Stored data entries
=== Section Start ===
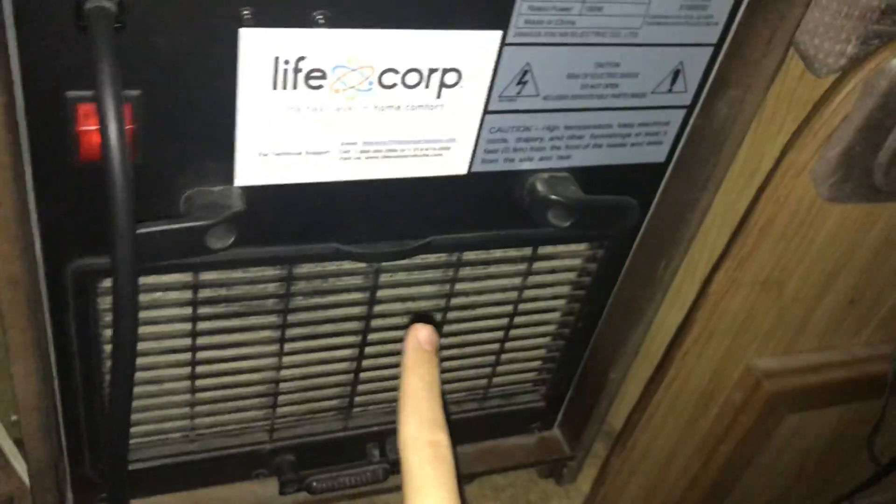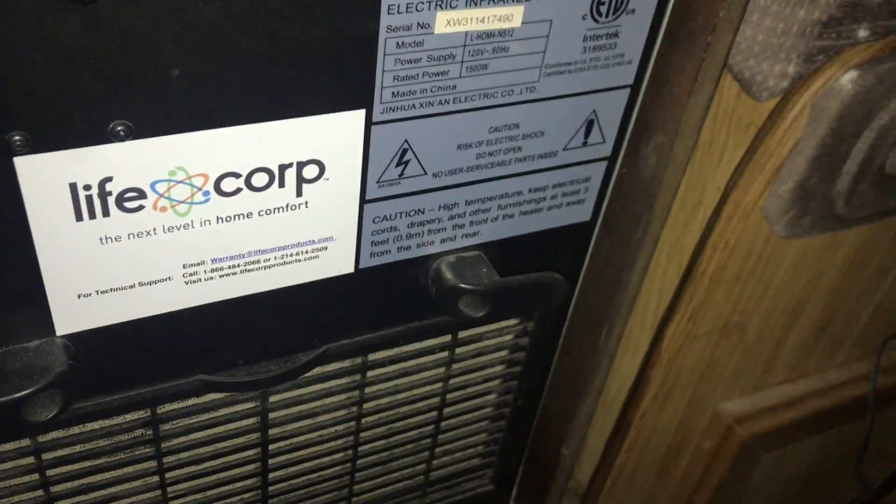Look at these — these are the heaters that heat up this office. I don't run the furnace in the actual building. I can't show you the front on this one; it's the same as the other one. It's currently on, at low heat right now.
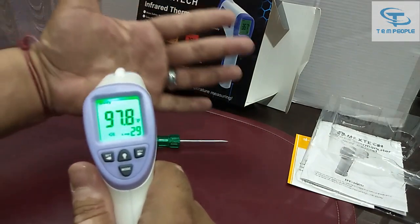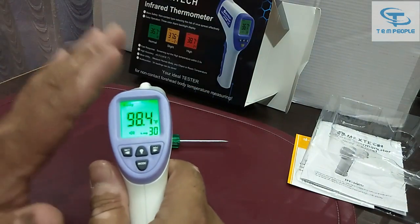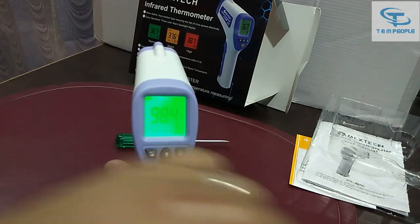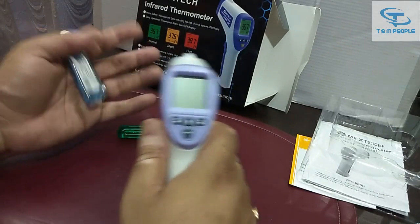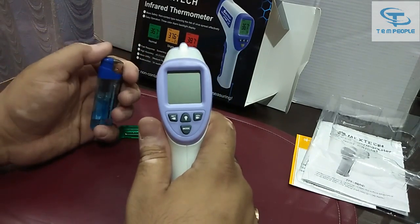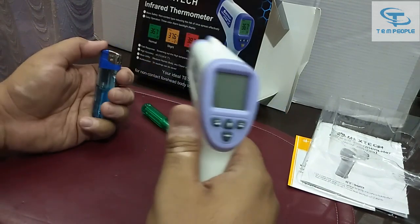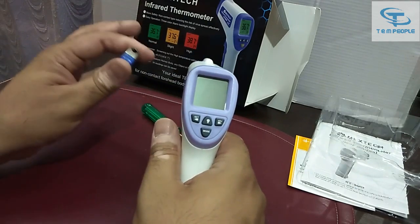Now testing on one of my subjects — the reading is 98.4°F, showing a green color, which means it's normal. None of my subjects currently have a low or high fever, so to demonstrate the color change I'll use a lighter to simulate a high temperature.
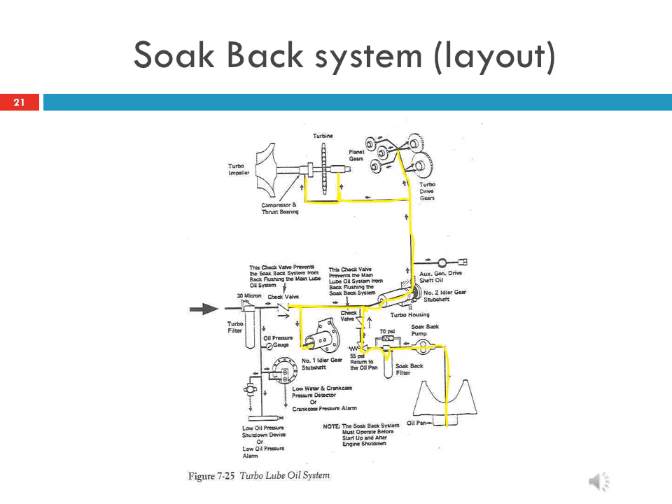In the soak back system, an electrically operated turbo soak back pump draws oil from the oil sump and feeds it to the turbo bearings. This soak back pump automatically starts working before cranking the engine. When the engine starts, the main lube oil pump pressure becomes greater than the soak back pump pressure, and a relief valve in the soak back filter head — set to 32 psi — returns lube oil back to the engine sump. After the main engine shuts down, the soak back pump starts working automatically, supplying oil to the turbo bearings and protecting them from thermal stress.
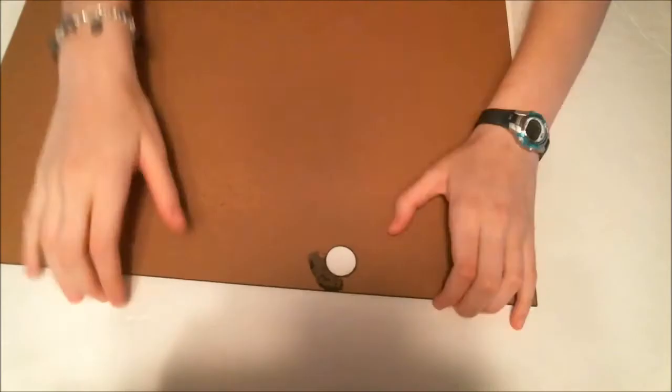To start your project, take your piece of poster board and place the insert from your picture frame on top of it. Trace around it and cut out the rectangle. This is going to be the insert that we glue everything to.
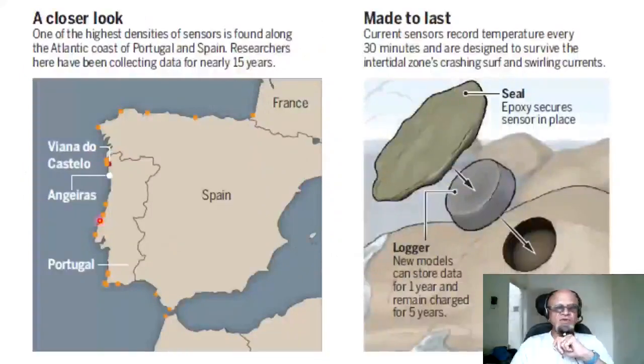Zooming into Portugal and Spain, you can see the Spanish and Portuguese coastlines down into northern Africa — likely Morocco. One of the highest densities of sensors is found along the Atlantic coast of Portugal and Spain, where researchers have been collecting data for nearly 15 years. That's a nice long time series, and these sensors are made to last.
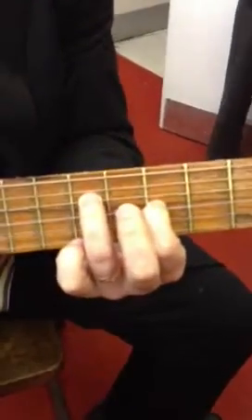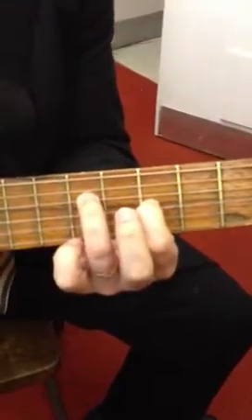Then move that finger to the seventh fret, the first finger to the fifth fret. Three, four, five, six, seven, eight.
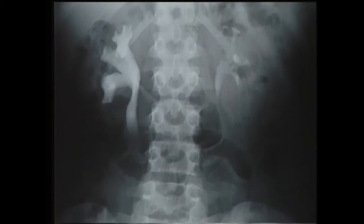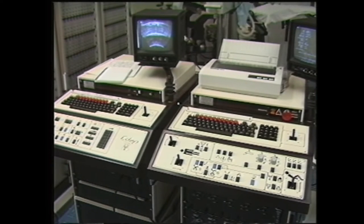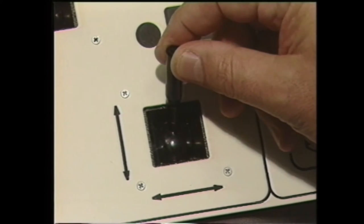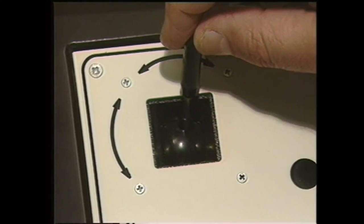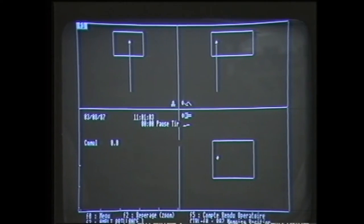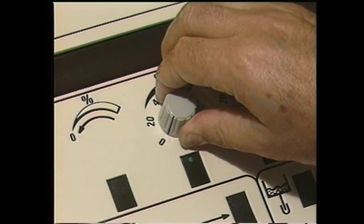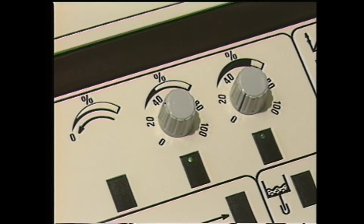Cette urographie faite chez une fillette de 10 ans montre une importante dilatation du système excréteur due à une pierre obstructive du bas uretère droit. Pour des raisons de repérage ultrasonographique, il est important que la vessie soit pleine pour pouvoir pratiquer le traitement. Après repérage et positionnement, souvent difficiles pour les calculs du bas uretère, nous commençons le traitement en augmentant progressivement l'intensité de l'énergie des ondes piézoélectriques.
=== Section End ===
Repeat word for word, leaving out the pictures, each line of the records from the line that holds "Now testing on" through the final one.

§ Answer for the task:
Now testing on one of my subjects — the reading is 98.4°F, showing a green color, which means it's normal. None of my subjects currently have a low or high fever, so to demonstrate the color change I'll use a lighter to simulate a high temperature.
In the soak back system, an electrically operated turbo soak back pump draws oil from the oil sump and feeds it to the turbo bearings. This soak back pump automatically starts working before cranking the engine. When the engine starts, the main lube oil pump pressure becomes greater than the soak back pump pressure, and a relief valve in the soak back filter head — set to 32 psi — returns lube oil back to the engine sump. After the main engine shuts down, the soak back pump starts working automatically, supplying oil to the turbo bearings and protecting them from thermal stress.
To start your project, take your piece of poster board and place the insert from your picture frame on top of it. Trace around it and cut out the rectangle. This is going to be the insert that we glue everything to.
Zooming into Portugal and Spain, you can see the Spanish and Portuguese coastlines down into northern Africa — likely Morocco. One of the highest densities of sensors is found along the Atlantic coast of Portugal and Spain, where researchers have been collecting data for nearly 15 years. That's a nice long time series, and these sensors are made to last.
Then move that finger to the seventh fret, the first finger to the fifth fret. Three, four, five, six, seven, eight.
Cette urographie faite chez une fillette de 10 ans montre une importante dilatation du système excréteur due à une pierre obstructive du bas uretère droit. Pour des raisons de repérage ultrasonographique, il est important que la vessie soit pleine pour pouvoir pratiquer le traitement. Après repérage et positionnement, souvent difficiles pour les calculs du bas uretère, nous commençons le traitement en augmentant progressivement l'intensité de l'énergie des ondes piézoélectriques.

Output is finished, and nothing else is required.